**YOUR OBJECTIVE:** Would you write out each line of the material below exactly, skipping every picture?

**INFORMATION SHOWN:**
####################

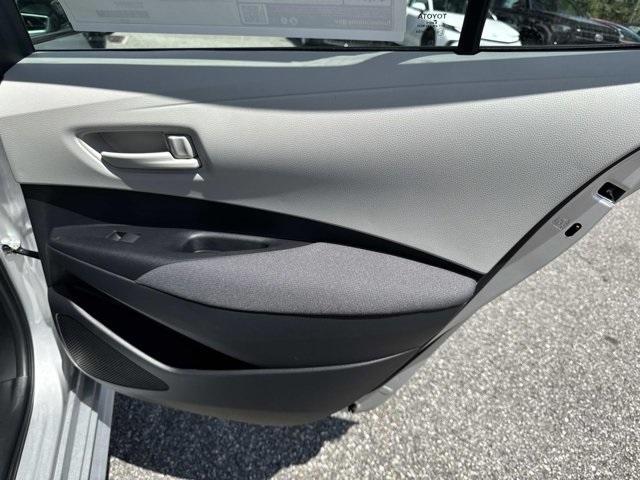 Photo of 2025 01F7 Toyota Corolla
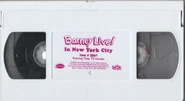 Lyrick Studios Tape (2000) (the later version of the label)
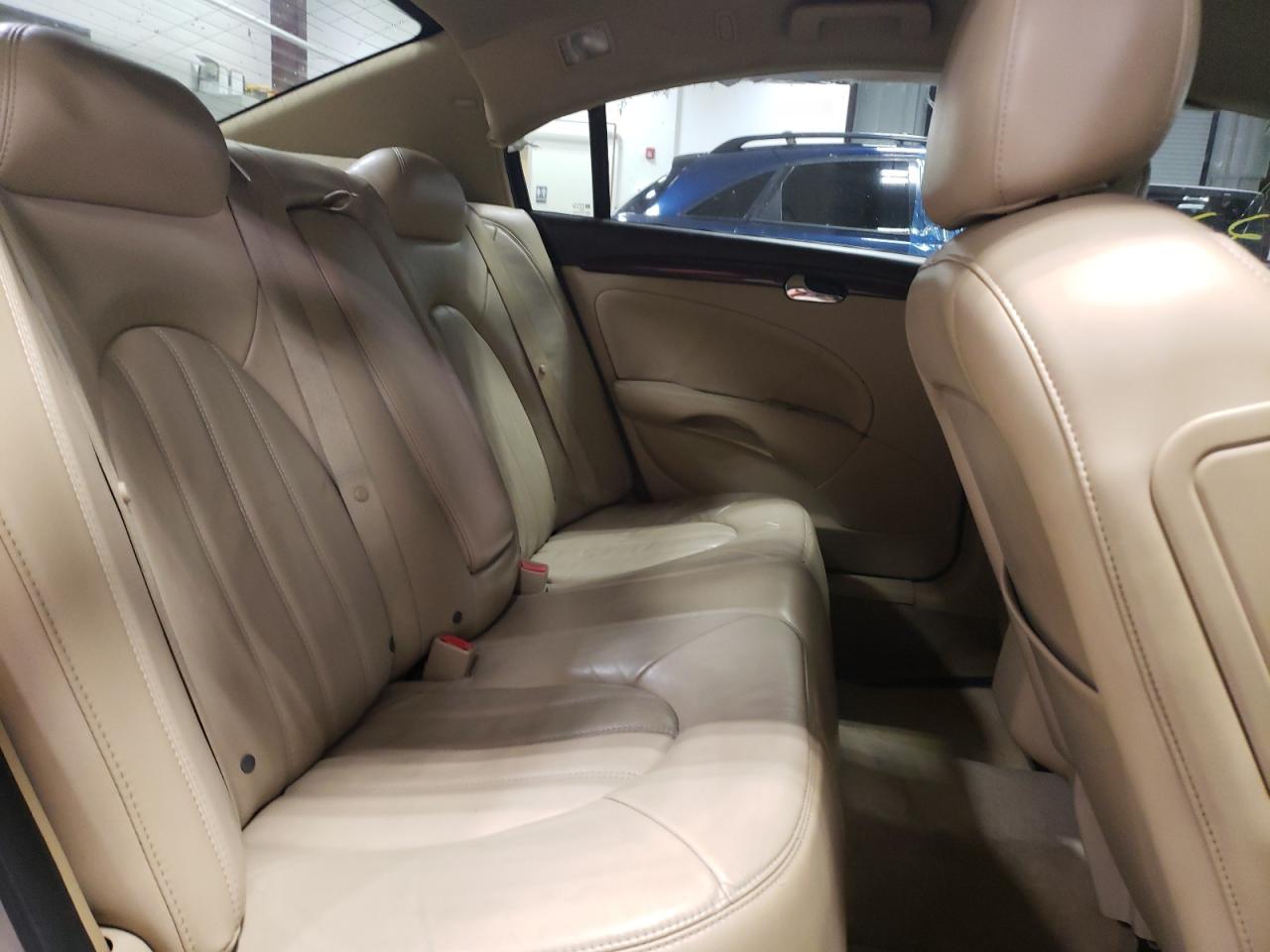 Photo 6 from auction – 2008 BUICK LUCERNE CX with VIN 1G4HD57268U204510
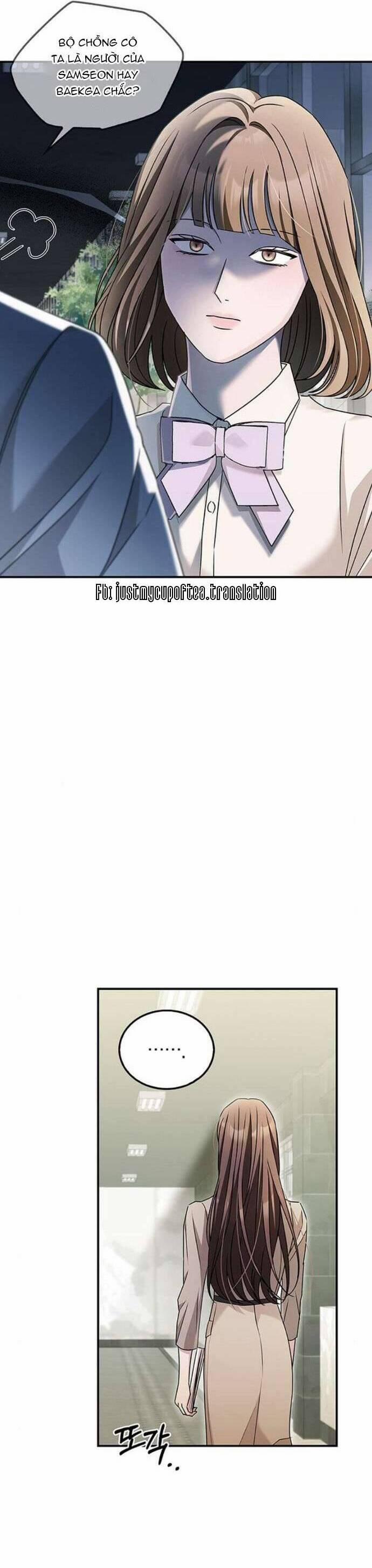 Cuộc Hôn Nhân Này Sẽ Đến Đâu 15 trang 27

####################

**SOLUTION TO THIS PROBLEM:**
 Photo of 2025 01F7 Toyota Corolla
 Lyrick Studios Tape (2000) (the later version of the label)
 Photo 6 from auction – 2008 BUICK LUCERNE CX with VIN 1G4HD57268U204510
 Cuộc Hôn Nhân Này Sẽ Đến Đâu 15 trang 27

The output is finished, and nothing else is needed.